On Tuesday, Interior Secretary Ken Salazar ordered the plan be put on hold while his agency conducts a 180-day review of the country’s offshore oil and gas resources. Salazar’s critical comments about the plan signaled that the new administration will seek to rewrite it if not completely scrap it.
The Bush proposal “opened the possibility of oil and gas leases along the entire Eastern seaboard, portions of offshore California and the far eastern Gulf of Mexico with almost no consultation from states, industry or community input,” Salazar said at a news conference in Washington. “In my view it was a headlong rush of the worst kind.”
In The Heritage Foundation’s “Key Questions for Department Nominees” series, we asked you the following question:
On October 1, 2008, the Congressional Moratorium on offshore drilling expired, but you were on record opposing lifting the moratorium even if gasoline were to reach $10 a gallon, calling it a “phantom solution.” While you never said you actually wanted the price of gas to reach such levels, will you be in favor of Congress reinstating the ban?
We even provided you with the following answer:
These restrictions effectively banned new offshore energy production off the Atlantic and Pacific coasts, parts of offshore Alaska, and the eastern Gulf of Mexico. Recent DOI estimates put the amount of energy in these previously off-limits areas at 19.1 billion barrels of oil and 83.9 trillion cubic feet of natural gas–approximately 30 years worth of imports from Saudi Arabia and enough natural gas to power America’s homes for 17 years. It should also be noted that these initial estimates tend to be low.
Offshore drilling restrictions are a relic of the past. They were put in place at a time when energy was cheap, the need for additional domestic supplies was not seen as dire, and the political path of least resistance was to give in to environmentalists. Although oil prices have fallen from their record summer levels, they will likely return to those levels after the recession–now is not the time for complacency. Domestic energy supply is still badly needed, and the risk of producing it has been reduced.

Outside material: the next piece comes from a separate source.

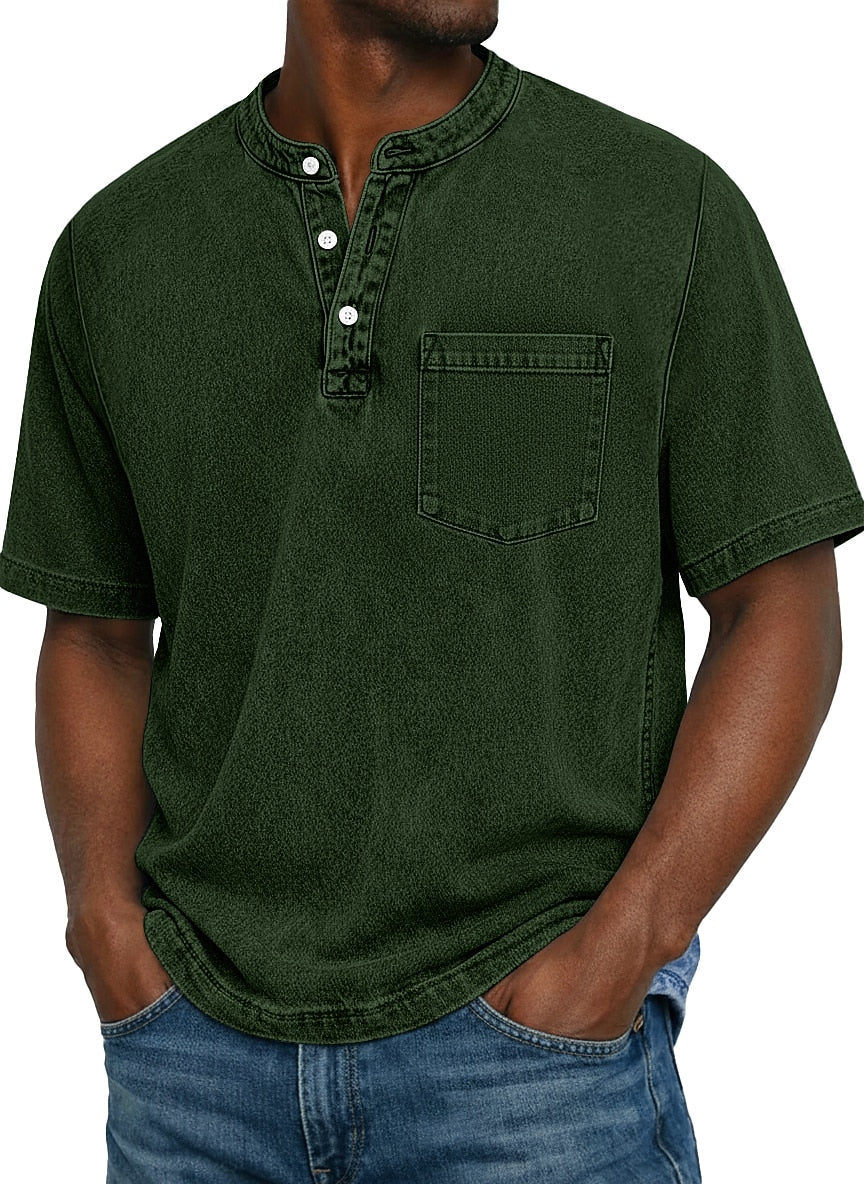 100% Cotton Vintage Washed Henley T-Shirt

All new drilling would be subject to strict safeguards and would require state-of-the-art technology with a proven track record for limiting the risk of spills. Rules should be put in place to allow for safe exploration and to ensure leases are not slowed by years of red tape and litigation.
Salazar promised that the voices of the oil and gas industry will be heard. Perhaps he should listen to the American Petroleum Institute’s President Jack Gerard:
Congress made the American people wait nearly 30 years to address our immediate energy challenges. Secretary Salazar today told the American people they must continue to wait – even though more than two-thirds of them want to tap our vast domestic resources for the benefit of all Americans.
Secretary Salazar’s announcement means that development of our offshore resources could be stalled indefinitely. That would delay Americans’ access to nearly 160,000 new, well-paying jobs, $1.7 trillion in revenues to federal, state and local governments and greater energy security.”